According to the findings of the Big Bots Project, this network has posted more than 130,000 times in Hebrew on Facebook and Twitter - posts that have had 2.5 million hits in Israel. These posts have the sole purpose of praising Netanyahu and spreading false information about his rivals, primarily his main challenger Benny Gantz, the former IDF chief who leads the Blue and White Party.
One of these Twitter accounts is operated by "Moshe", whose online activity went from 16 tweets in the first three months of 2018 to 2,856 tweets in the same period of 2019, at the height of the election campaign.
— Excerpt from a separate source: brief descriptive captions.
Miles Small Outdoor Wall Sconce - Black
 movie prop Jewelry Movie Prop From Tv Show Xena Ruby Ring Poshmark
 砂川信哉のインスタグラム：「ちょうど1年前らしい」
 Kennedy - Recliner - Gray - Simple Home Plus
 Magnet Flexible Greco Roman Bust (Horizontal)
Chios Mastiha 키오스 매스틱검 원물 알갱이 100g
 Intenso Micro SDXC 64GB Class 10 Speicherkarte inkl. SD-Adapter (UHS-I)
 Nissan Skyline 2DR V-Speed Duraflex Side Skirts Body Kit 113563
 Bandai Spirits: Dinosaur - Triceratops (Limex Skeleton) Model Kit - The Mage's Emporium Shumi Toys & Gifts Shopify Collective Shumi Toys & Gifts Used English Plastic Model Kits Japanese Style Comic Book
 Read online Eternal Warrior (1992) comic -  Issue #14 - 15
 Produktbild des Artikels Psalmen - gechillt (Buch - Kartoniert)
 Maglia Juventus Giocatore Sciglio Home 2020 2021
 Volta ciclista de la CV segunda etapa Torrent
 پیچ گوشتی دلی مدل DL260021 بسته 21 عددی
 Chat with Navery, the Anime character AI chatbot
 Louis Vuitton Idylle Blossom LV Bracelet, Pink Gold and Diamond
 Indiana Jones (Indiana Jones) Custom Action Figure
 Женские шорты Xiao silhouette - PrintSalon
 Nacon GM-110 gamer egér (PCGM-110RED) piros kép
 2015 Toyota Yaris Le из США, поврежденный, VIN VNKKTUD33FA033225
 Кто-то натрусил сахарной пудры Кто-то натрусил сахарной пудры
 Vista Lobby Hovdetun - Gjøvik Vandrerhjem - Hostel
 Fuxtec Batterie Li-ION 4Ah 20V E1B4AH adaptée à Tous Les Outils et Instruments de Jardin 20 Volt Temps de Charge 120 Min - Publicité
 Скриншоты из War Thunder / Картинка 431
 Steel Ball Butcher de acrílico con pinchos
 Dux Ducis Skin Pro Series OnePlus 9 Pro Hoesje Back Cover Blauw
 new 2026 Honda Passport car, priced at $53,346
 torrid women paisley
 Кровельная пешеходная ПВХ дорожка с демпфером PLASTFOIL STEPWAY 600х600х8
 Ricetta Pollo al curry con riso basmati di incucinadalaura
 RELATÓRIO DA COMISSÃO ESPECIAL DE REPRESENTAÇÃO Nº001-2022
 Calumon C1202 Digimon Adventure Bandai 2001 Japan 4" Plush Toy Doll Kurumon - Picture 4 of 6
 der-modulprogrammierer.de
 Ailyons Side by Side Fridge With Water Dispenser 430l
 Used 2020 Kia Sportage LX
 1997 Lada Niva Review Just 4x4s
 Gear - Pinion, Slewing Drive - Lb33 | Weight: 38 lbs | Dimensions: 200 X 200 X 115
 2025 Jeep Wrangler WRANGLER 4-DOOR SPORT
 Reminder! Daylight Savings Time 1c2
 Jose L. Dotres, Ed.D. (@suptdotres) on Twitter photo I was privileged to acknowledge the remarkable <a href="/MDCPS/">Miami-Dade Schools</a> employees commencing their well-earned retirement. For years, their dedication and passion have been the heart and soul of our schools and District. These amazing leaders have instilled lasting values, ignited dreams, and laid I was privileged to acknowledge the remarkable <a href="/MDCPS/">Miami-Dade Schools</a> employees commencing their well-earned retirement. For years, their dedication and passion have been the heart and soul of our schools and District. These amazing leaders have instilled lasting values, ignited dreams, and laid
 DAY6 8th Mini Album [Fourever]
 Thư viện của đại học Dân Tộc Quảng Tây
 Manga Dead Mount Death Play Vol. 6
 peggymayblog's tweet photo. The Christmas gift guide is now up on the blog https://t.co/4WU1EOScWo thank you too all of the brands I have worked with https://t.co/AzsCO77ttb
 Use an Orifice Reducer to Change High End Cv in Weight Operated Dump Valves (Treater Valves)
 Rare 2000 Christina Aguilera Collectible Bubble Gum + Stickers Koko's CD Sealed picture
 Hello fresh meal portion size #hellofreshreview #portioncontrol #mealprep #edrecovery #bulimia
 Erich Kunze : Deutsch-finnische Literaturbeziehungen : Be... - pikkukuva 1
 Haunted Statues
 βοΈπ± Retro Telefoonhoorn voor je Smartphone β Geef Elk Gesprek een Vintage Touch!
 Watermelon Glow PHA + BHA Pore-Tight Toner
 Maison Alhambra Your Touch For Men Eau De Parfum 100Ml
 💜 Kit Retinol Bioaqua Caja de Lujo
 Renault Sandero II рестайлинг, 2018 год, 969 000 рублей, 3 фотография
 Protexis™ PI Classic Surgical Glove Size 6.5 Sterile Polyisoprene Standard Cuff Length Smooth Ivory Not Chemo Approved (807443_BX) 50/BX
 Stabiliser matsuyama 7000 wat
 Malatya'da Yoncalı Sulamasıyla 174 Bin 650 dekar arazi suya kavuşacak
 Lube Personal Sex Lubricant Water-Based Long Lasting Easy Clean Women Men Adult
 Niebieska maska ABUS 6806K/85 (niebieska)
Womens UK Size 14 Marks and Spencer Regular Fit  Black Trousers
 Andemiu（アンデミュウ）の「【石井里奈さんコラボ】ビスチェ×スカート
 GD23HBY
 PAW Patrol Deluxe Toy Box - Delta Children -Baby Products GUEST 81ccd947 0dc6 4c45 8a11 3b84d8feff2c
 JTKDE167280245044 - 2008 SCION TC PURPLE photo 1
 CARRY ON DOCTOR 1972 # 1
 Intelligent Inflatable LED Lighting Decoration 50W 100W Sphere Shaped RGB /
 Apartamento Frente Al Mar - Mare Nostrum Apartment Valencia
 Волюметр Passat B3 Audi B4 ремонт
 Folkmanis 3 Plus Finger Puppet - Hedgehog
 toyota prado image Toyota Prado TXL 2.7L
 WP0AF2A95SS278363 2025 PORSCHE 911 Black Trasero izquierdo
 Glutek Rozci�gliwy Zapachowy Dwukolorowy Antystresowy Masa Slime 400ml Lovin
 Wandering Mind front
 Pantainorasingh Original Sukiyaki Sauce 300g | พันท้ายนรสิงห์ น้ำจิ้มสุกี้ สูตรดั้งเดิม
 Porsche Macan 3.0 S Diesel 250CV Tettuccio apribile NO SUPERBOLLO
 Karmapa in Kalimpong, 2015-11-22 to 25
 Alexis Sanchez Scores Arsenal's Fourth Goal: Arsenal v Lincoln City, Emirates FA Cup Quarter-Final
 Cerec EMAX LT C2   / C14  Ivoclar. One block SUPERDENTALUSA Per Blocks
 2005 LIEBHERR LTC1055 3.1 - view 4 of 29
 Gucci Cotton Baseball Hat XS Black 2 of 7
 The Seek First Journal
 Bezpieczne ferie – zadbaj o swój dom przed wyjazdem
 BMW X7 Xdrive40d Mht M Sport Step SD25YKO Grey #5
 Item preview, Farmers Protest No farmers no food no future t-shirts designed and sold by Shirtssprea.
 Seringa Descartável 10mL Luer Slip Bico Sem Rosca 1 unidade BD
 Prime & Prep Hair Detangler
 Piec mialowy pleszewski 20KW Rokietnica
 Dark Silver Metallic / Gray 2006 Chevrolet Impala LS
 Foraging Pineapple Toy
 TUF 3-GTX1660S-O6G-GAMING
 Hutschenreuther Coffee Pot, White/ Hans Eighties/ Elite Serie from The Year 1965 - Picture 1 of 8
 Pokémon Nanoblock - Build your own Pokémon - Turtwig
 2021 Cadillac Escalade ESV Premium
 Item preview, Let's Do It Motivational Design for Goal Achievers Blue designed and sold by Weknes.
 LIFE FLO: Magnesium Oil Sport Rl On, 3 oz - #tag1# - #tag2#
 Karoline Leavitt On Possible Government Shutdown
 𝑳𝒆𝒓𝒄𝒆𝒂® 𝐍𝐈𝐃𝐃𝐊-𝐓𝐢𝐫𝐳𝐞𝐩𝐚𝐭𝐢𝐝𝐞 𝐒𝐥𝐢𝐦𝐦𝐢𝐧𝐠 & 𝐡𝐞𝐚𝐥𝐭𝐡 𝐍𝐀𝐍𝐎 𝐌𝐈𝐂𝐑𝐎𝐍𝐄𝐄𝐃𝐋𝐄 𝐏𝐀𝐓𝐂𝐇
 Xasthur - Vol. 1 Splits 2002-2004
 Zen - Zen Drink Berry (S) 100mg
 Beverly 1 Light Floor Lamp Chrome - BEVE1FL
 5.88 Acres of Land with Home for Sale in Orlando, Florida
The photo of the handsome young man that accompanies the "Moshe" account actually belongs to a Greek model named Theo Theodoridis.
"Moshe" is just one of hundreds that form a network of fake accounts, operating in synchronicity, echoing the Likud's political messaging and on more than one occasion spreading malicious propaganda, lies and slander against the media and those perceived to be enemies of Netanyahu.
For example, one of the accounts posted a fake claim that Gantz was a rapist, a post that was then shared online by numerous others in the network.
The report does not identify a direct link between the network and the Likud or any of its staff. It says, however, that the network's activity raises suspicions of serious criminal offenses, including violations of the Election Law, campaign financing, privacy laws, income tax and more.
Prof. Karine Nahon, president of the Israel Internet Association, says that the network of fictitious users is aimed at swaying public opinion and influence voters.
"Fake news has a far more rapid, wide and varied potential for dissemination than the news that contradicts it and seeks to present reality. As such, there is a fear that this will adversely impact the fair democratic process. "
According to the study's researchers, at the heart of the network is a single Twitter account operated under the user name "Bond." The account, which is linked to all of the other accounts in the network, uses the photo, email and personal information of one Yitzhak Haddad - a self-described "undercover activist" from Ashdod in southern Israel.
Haddad told a private investigator that he was "making videos and all sorts of beautiful things that are going up." When asked whether this work was funded, Haddad said yes.
Asked how much money had been invested in the operation of the network, Haddad said: "I don't want to say tens of millions (of shekels), but a lot of money has been invested."
Hadad also admitted that he was connected to "very senior people" in the Likud.
In a telephone conversation Sunday afternoon, the private investigator asked Yonatan Orich, one of the Likud campaign managers and Netanyahu advisor, if he knew and worked with Haddad, and Orich said yes. He later said that he knew Haddad "only from Facebook" and had never met him.
The Likud said in response: "The Likud is not connected in any way to the network to which you refer. The Likud does not operate any network of bots, avatars, fake profiles and so on. The Likud is almost the only party that does not use such methods."